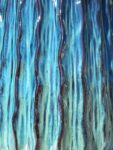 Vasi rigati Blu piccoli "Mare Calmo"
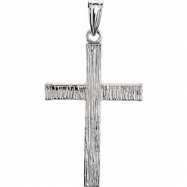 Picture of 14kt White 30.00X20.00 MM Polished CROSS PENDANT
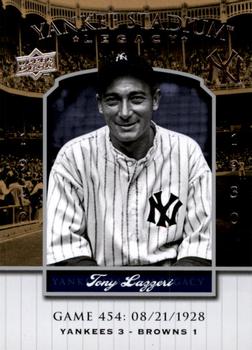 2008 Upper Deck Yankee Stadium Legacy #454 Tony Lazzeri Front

--

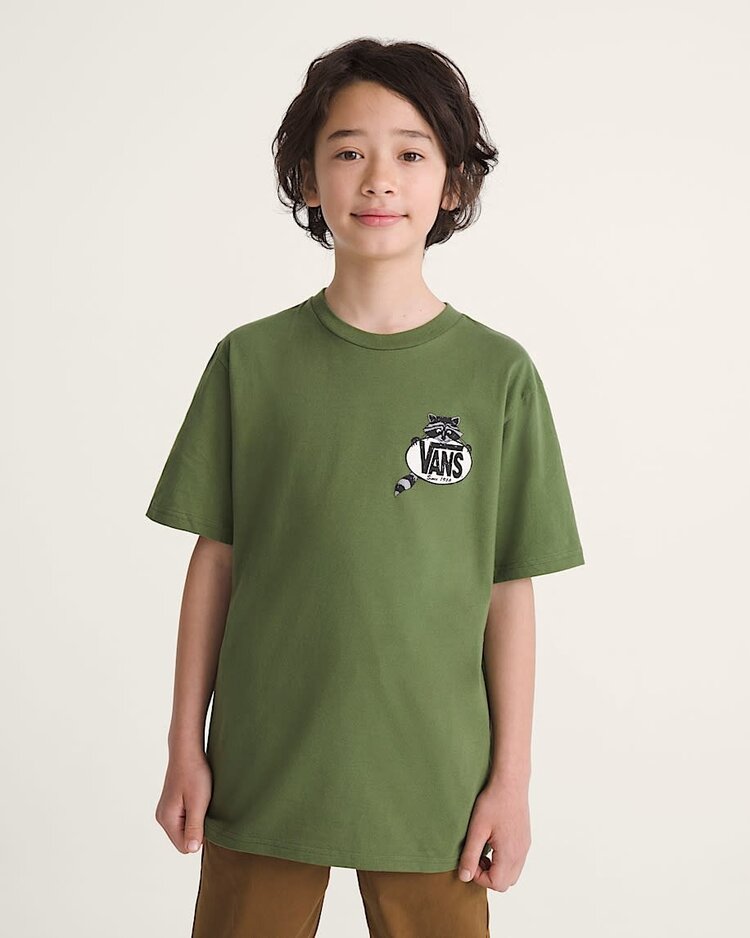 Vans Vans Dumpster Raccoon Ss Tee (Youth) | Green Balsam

▶ Exercise description
Retype only the lines above from the one with "Vasi rigati Blu" through the one with "2008 Upper Deck", exactly and with both ends. Images stay out.

▶ Output for this task
 Vasi rigati Blu piccoli "Mare Calmo"
 Picture of 14kt White 30.00X20.00 MM Polished CROSS PENDANT
 2008 Upper Deck Yankee Stadium Legacy #454 Tony Lazzeri Front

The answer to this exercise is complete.